Material provided
__________

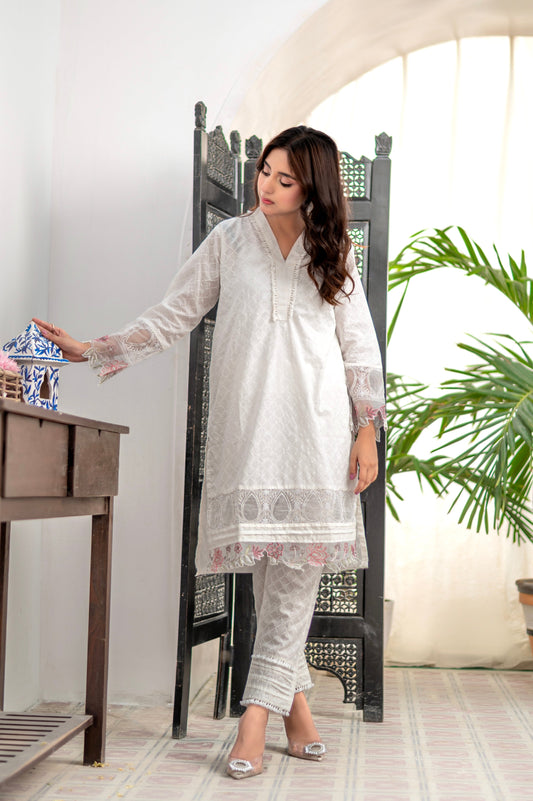 CATMINT - Luxury Embroidered 2-PC Lawn Dress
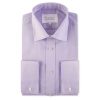 A6320 Paradigm Plain L/S Double Cuff Shirt (Lilac)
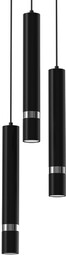 MILAGRO MLP8916 JOKER BLACK/CHROME Lampa wisząca 3xGU10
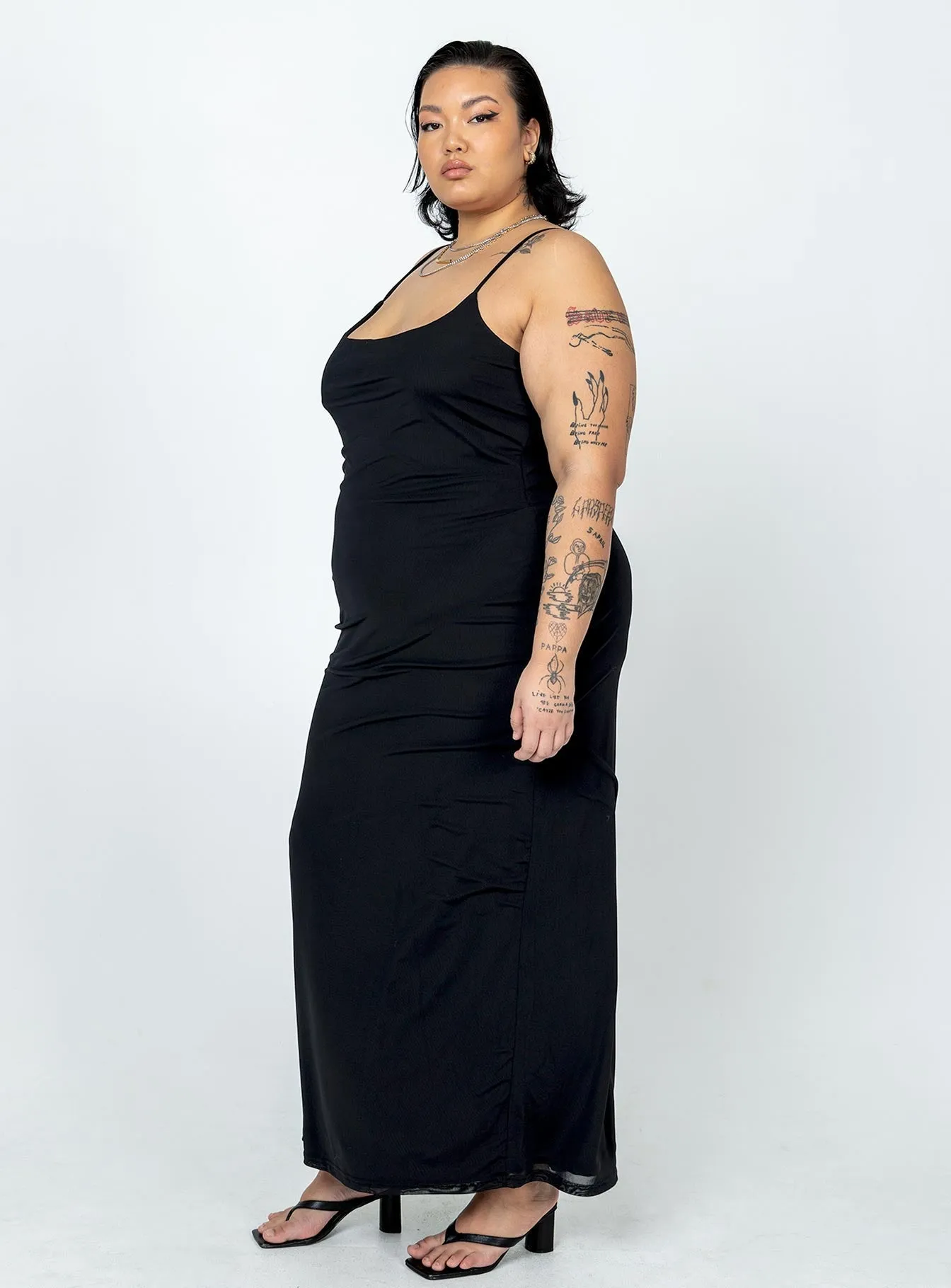 Knox Maxi Dress Black Curve Grace Vibe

__________

An exact copy of the whole listing is required, minus the pictures.

Expected output
 CATMINT - Luxury Embroidered 2-PC Lawn Dress
 A6320 Paradigm Plain L/S Double Cuff Shirt (Lilac)
 MILAGRO MLP8916 JOKER BLACK/CHROME Lampa wisząca 3xGU10
 Knox Maxi Dress Black Curve Grace Vibe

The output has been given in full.